YOUR GOAL —
Among the lines below, the one containing "INOXTO Running Hydration" opens the range and the one containing "ANZO 97-04 Dodge" closes it. Print that range exactly, without the pictures.

EXCERPTED RECORDS —
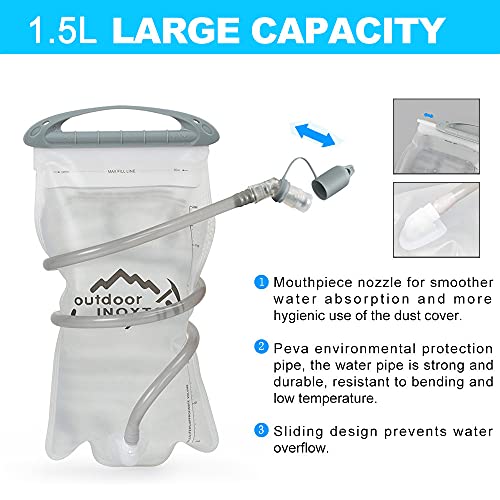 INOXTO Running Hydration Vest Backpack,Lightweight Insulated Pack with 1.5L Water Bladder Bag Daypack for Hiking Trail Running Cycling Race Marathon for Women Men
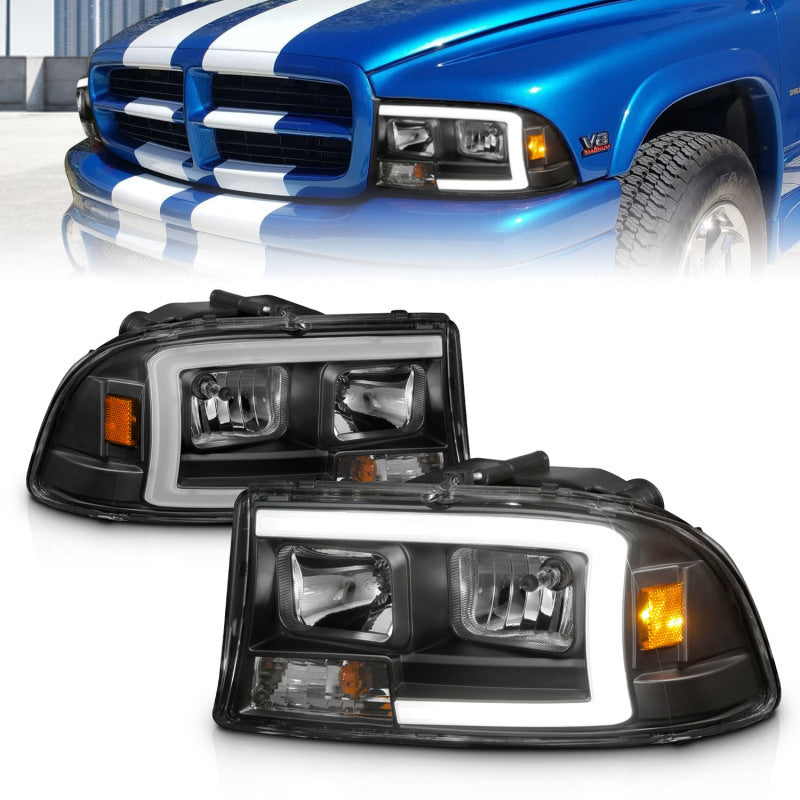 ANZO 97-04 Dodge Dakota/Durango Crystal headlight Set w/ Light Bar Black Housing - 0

* * *

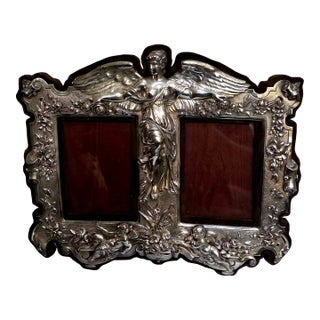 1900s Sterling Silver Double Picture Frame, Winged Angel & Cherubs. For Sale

* * *

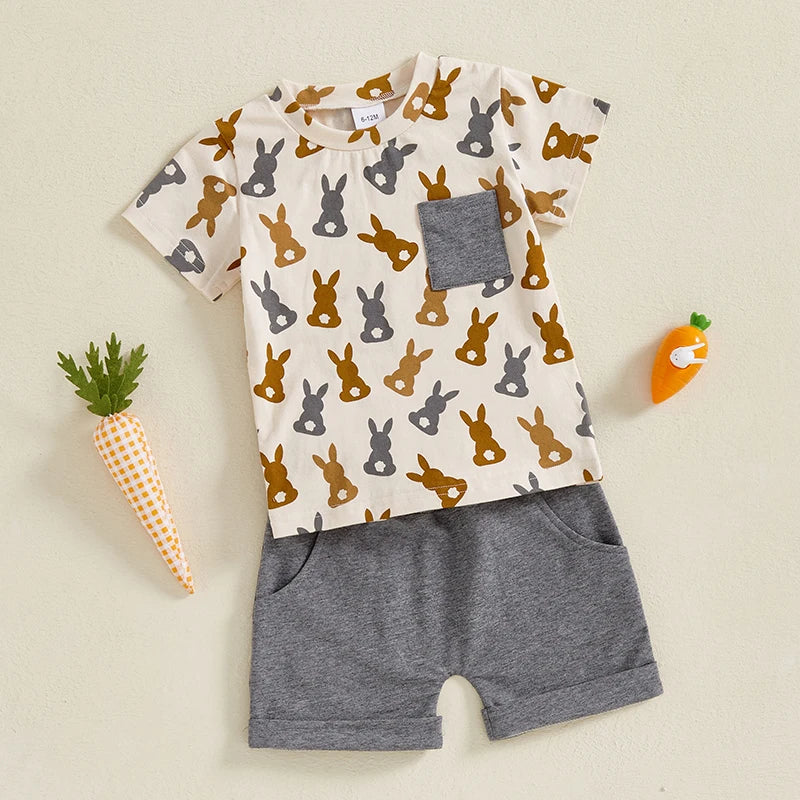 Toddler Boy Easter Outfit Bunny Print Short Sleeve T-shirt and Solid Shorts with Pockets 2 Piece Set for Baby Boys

RESULT —
 INOXTO Running Hydration Vest Backpack,Lightweight Insulated Pack with 1.5L Water Bladder Bag Daypack for Hiking Trail Running Cycling Race Marathon for Women Men
 ANZO 97-04 Dodge Dakota/Durango Crystal headlight Set w/ Light Bar Black Housing - 0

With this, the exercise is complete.